# Intro

## Load

### Standards

In [28]:
import os
os.environ["TOKENIZERS_PARALLELISM"] = "false"

In [1]:
import os, sys, pickle
import numpy as np
from tqdm.notebook import trange, tqdm
import re

In [2]:
import matplotlib.pyplot as plt
plt.rcParams['axes.linewidth'] = 2
plt.rcParams['xtick.major.size'] = 10
plt.rcParams['xtick.major.width'] = 2
plt.rcParams['ytick.major.size'] = 10
plt.rcParams['ytick.major.width'] = 2

plt.rcParams['xtick.labelsize'] = 14
plt.rcParams['ytick.labelsize'] = 14

plt.rcParams['xtick.minor.size'] = 5
plt.rcParams['xtick.minor.width'] = 1
plt.rcParams['ytick.minor.size'] = 5
plt.rcParams['ytick.minor.width'] = 1


In [3]:
from multiprocess import Pool

### Homemade modules

In [4]:
from tesste import tesste
from ppp import ppp
from readers_and_converters import file2text, text2dict, text2vec

## Stoopid infos

In [5]:
L_SDGS=17

# Data

In [6]:
with open ('./data/energy_utilities_texts.pickle', 'rb') as f:
    text_dict=pickle.load(f)

# Semantic analysis

## Cosine similarity calculations

In [7]:
cos_sim_dict={}
for year in range(2015, 2024):
    s_year=str(year)
    cos_sim_dict[year]={}
    energy_co_s=list(text_dict['Energy'][s_year].keys())
    # inside energy
    energy_cos_sims=np.zeros((len(energy_co_s), len(energy_co_s)))
    energy_pvals=np.zeros((len(energy_co_s), len(energy_co_s)))
    for i_e, energy_co_0 in enumerate(tqdm(energy_co_s, leave=False, desc='Energy '+s_year)):
        text_0=text_dict['Energy'][s_year][energy_co_0]
        for j_e in range(i_e+1, len(energy_co_s)):
            energy_co_1=energy_co_s[j_e]
            text_1=text_dict['Energy'][s_year][energy_co_1]
            cacca=tesste(text_0, text_1)
            energy_cos_sims[i_e, j_e]=cacca.cos_sim
            energy_pvals[i_e, j_e]=cacca.pval
            
    cos_sim_dict[year]['Energy']={}
    cos_sim_dict[year]['Energy']['cos_sim']=energy_cos_sims
    cos_sim_dict[year]['Energy']['pvals']=energy_pvals
    
    utilities_co_s=list(text_dict['Utilities'][s_year].keys())
    utilities_cos_sims=np.zeros((len(utilities_co_s), len(utilities_co_s)))
    utilities_pvals=np.zeros((len(utilities_co_s), len(utilities_co_s)))
    # inside utilities
    for i_e, utilities_co_0 in enumerate(tqdm(utilities_co_s, leave=False, desc='Utilities '+s_year)):
        text_0=text_dict['Utilities'][s_year][utilities_co_0]
        for j_e in range(i_e+1, len(utilities_co_s)):
            utilities_co_1=utilities_co_s[j_e]
            text_1=text_dict['Utilities'][s_year][utilities_co_1]
            cacca=tesste(text_0, text_1)
            utilities_cos_sims[i_e, j_e]=cacca.cos_sim
            utilities_pvals[i_e, j_e]=cacca.pval
            
    cos_sim_dict[year]['Utilities']={}
    cos_sim_dict[year]['Utilities']['cos_sim']=utilities_cos_sims
    cos_sim_dict[year]['Utilities']['pvals']=utilities_pvals


Energy 2015:   0%|          | 0/2 [00:00<?, ?it/s]

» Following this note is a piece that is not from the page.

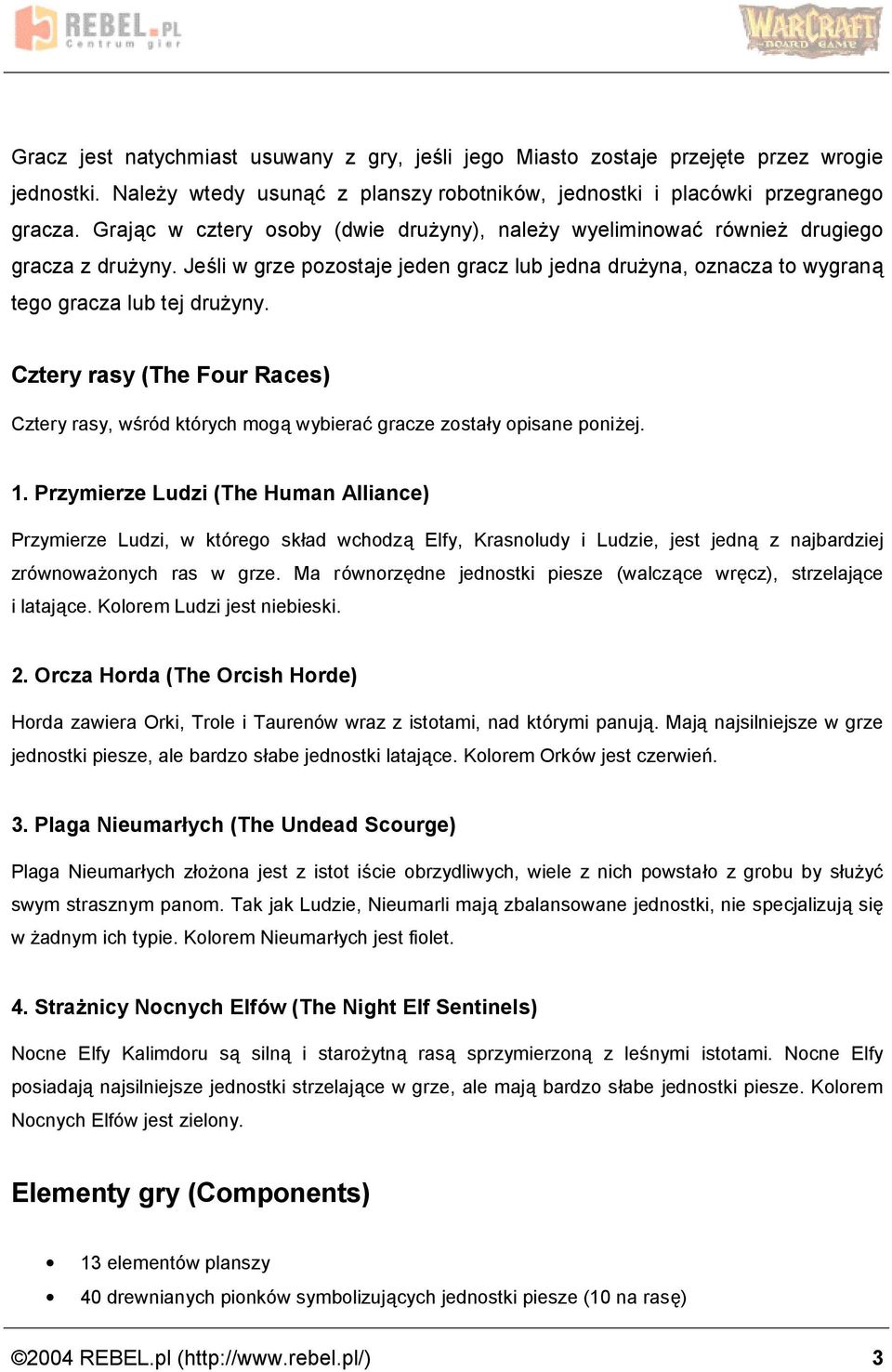 Cztery rasy (The Four Races) Cztery rasy, wsrod ktorych moga wybierac gracze zosta y opisane poniz ej. 1.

  return torch._C._cuda_getDeviceCount() > 0
huggingface/tokenizers: The current process just got forked, after parallelism has already been used. Disabling parallelism to avoid deadlocks...
	- Avoid using `tokenizers` before the fork if possible
	- Explicitly set the environment variable TOKENIZERS_PARALLELISM=(true | false)


  0%|          | 0/1000 [00:00<?, ?it/s]


KeyboardInterrupt



### Something I forgot

In [None]:
with open ('./data/energy_utilities_cos_sim_mats.pickle', 'rb') as f:
    cos_sim_dict=pickle.load(f)

In [None]:
for year in range(2015, 2024):
    s_year=str(year)
    for field in ['Energy', 'Utilities']:
        firms=list(text_dict[field][s_year].keys())
        cos_sim_dict[year][field]['companies']=firms

In [None]:
with open ('./data/energy_utilities_cos_sim_mats.pickle', 'wb') as f:
    pickle.dump(cos_sim_dict, f)

## Cosine similarity analysis

In [8]:
with open ('./data/energy_utilities_cos_sim_mats.pickle', 'rb') as f:
    cos_sim_dict=pickle.load(f)

In [9]:
years=list(range(2015, 2024))

In [10]:
# actually, it shouldn't be done, but I saw that relaxing from alpha=0.01 to alpha=0.05,
# I get more validated entries...
alpha=.05

In [11]:
for year in years:
    for field in ['Energy', 'Utilities']:
        pvals=cos_sim_dict[year][field]['pvals']
        cos_sim=cos_sim_dict[year][field]['cos_sim']
        firms=cos_sim_dict[year][field]['companies']
        if len(firms)>1:
            # get the number of tests
            n_tests=len(firms)*(len(firms)-1)/2
            # calculate effective alpha according to Bonferroni
            alpha_bonf=alpha/n_tests
            # get the effective alpha according to fdr
            pvals_vec=np.sort(pvals[pvals>0])
            fdr_vec=(1+np.arange(len(pvals_vec)))*alpha_bonf
            alpha_fdrs=fdr_vec[pvals_vec<=fdr_vec]
            if len(alpha_fdrs)>0:
                alpha_fdr=alpha_fdrs[-1]
                # where are the validated entries?
                where_vals=np.where(np.logical_and(pvals<=alpha_fdr, pvals>0))
                val_couples=[]
                for i in range(len(where_vals[0])):
                    val_couples.append((firms[where_vals[0][i]],firms[where_vals[1][i]]))
                # return values
                print(year, field)
                print('---------------------')
                for i, val_couple in enumerate(val_couples):
                    print(val_couple, cos_sim[where_vals[0][i], where_vals[1][i]])

2019 Utilities
---------------------
('02_SSE_PLC', '05_CENTRICA_PLC') 0.8133289217948914
('02_SSE_PLC', '08_RENEWI_PLC') 0.8001610636711121
('05_CENTRICA_PLC', '08_RENEWI_PLC') 0.7937230467796326
('05_CENTRICA_PLC', '10_GOOD_ENERGY_GROUP_PLC') 0.8450196981430054


In [12]:
cos_sim_dict[2019]['Utilities']['companies']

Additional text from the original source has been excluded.